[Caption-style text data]
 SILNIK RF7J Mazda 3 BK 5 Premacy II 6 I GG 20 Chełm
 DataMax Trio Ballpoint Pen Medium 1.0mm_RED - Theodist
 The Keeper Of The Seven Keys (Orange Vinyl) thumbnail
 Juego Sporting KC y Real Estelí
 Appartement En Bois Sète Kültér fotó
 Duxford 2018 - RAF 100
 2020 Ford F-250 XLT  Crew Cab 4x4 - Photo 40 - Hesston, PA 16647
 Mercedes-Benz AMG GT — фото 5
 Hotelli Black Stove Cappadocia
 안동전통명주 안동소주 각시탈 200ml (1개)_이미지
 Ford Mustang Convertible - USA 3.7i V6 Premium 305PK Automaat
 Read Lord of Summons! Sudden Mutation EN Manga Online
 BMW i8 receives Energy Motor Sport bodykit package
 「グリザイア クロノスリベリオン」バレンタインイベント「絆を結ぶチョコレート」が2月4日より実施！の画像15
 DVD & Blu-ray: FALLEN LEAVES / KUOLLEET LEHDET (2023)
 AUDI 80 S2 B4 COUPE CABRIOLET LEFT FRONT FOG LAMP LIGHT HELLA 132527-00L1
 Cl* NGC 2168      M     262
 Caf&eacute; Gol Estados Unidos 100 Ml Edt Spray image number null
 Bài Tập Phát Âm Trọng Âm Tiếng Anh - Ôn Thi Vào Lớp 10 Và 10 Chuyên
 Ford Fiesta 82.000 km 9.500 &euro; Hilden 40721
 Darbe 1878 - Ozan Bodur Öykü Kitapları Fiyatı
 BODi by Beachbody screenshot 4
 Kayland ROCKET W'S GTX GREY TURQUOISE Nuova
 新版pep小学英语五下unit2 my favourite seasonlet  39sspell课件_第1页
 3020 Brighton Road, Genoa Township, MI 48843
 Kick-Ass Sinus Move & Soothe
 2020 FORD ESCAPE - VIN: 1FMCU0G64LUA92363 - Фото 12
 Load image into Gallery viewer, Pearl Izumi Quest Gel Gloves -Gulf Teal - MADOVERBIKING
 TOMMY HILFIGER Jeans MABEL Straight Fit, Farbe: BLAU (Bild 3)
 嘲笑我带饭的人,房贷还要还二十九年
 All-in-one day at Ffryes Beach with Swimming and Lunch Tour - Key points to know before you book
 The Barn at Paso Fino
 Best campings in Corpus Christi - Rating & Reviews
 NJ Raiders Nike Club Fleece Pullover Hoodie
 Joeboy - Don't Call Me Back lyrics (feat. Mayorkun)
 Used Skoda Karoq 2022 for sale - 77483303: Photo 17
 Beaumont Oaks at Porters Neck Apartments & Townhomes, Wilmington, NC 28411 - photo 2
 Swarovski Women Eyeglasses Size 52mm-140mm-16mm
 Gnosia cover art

**The task:**
Write every line of the entries again, word for word.

**Response to this task:**
 SILNIK RF7J Mazda 3 BK 5 Premacy II 6 I GG 20 Chełm
 DataMax Trio Ballpoint Pen Medium 1.0mm_RED - Theodist
 The Keeper Of The Seven Keys (Orange Vinyl) thumbnail
 Juego Sporting KC y Real Estelí
 Appartement En Bois Sète Kültér fotó
 Duxford 2018 - RAF 100
 2020 Ford F-250 XLT  Crew Cab 4x4 - Photo 40 - Hesston, PA 16647
 Mercedes-Benz AMG GT — фото 5
 Hotelli Black Stove Cappadocia
 안동전통명주 안동소주 각시탈 200ml (1개)_이미지
 Ford Mustang Convertible - USA 3.7i V6 Premium 305PK Automaat
 Read Lord of Summons! Sudden Mutation EN Manga Online
 BMW i8 receives Energy Motor Sport bodykit package
 「グリザイア クロノスリベリオン」バレンタインイベント「絆を結ぶチョコレート」が2月4日より実施！の画像15
 DVD & Blu-ray: FALLEN LEAVES / KUOLLEET LEHDET (2023)
 AUDI 80 S2 B4 COUPE CABRIOLET LEFT FRONT FOG LAMP LIGHT HELLA 132527-00L1
 Cl* NGC 2168      M     262
 Caf&eacute; Gol Estados Unidos 100 Ml Edt Spray image number null
 Bài Tập Phát Âm Trọng Âm Tiếng Anh - Ôn Thi Vào Lớp 10 Và 10 Chuyên
 Ford Fiesta 82.000 km 9.500 &euro; Hilden 40721
 Darbe 1878 - Ozan Bodur Öykü Kitapları Fiyatı
 BODi by Beachbody screenshot 4
 Kayland ROCKET W'S GTX GREY TURQUOISE Nuova
 新版pep小学英语五下unit2 my favourite seasonlet  39sspell课件_第1页
 3020 Brighton Road, Genoa Township, MI 48843
 Kick-Ass Sinus Move & Soothe
 2020 FORD ESCAPE - VIN: 1FMCU0G64LUA92363 - Фото 12
 Load image into Gallery viewer, Pearl Izumi Quest Gel Gloves -Gulf Teal - MADOVERBIKING
 TOMMY HILFIGER Jeans MABEL Straight Fit, Farbe: BLAU (Bild 3)
 嘲笑我带饭的人,房贷还要还二十九年
 All-in-one day at Ffryes Beach with Swimming and Lunch Tour - Key points to know before you book
 The Barn at Paso Fino
 Best campings in Corpus Christi - Rating & Reviews
 NJ Raiders Nike Club Fleece Pullover Hoodie
 Joeboy - Don't Call Me Back lyrics (feat. Mayorkun)
 Used Skoda Karoq 2022 for sale - 77483303: Photo 17
 Beaumont Oaks at Porters Neck Apartments & Townhomes, Wilmington, NC 28411 - photo 2
 Swarovski Women Eyeglasses Size 52mm-140mm-16mm
 Gnosia cover art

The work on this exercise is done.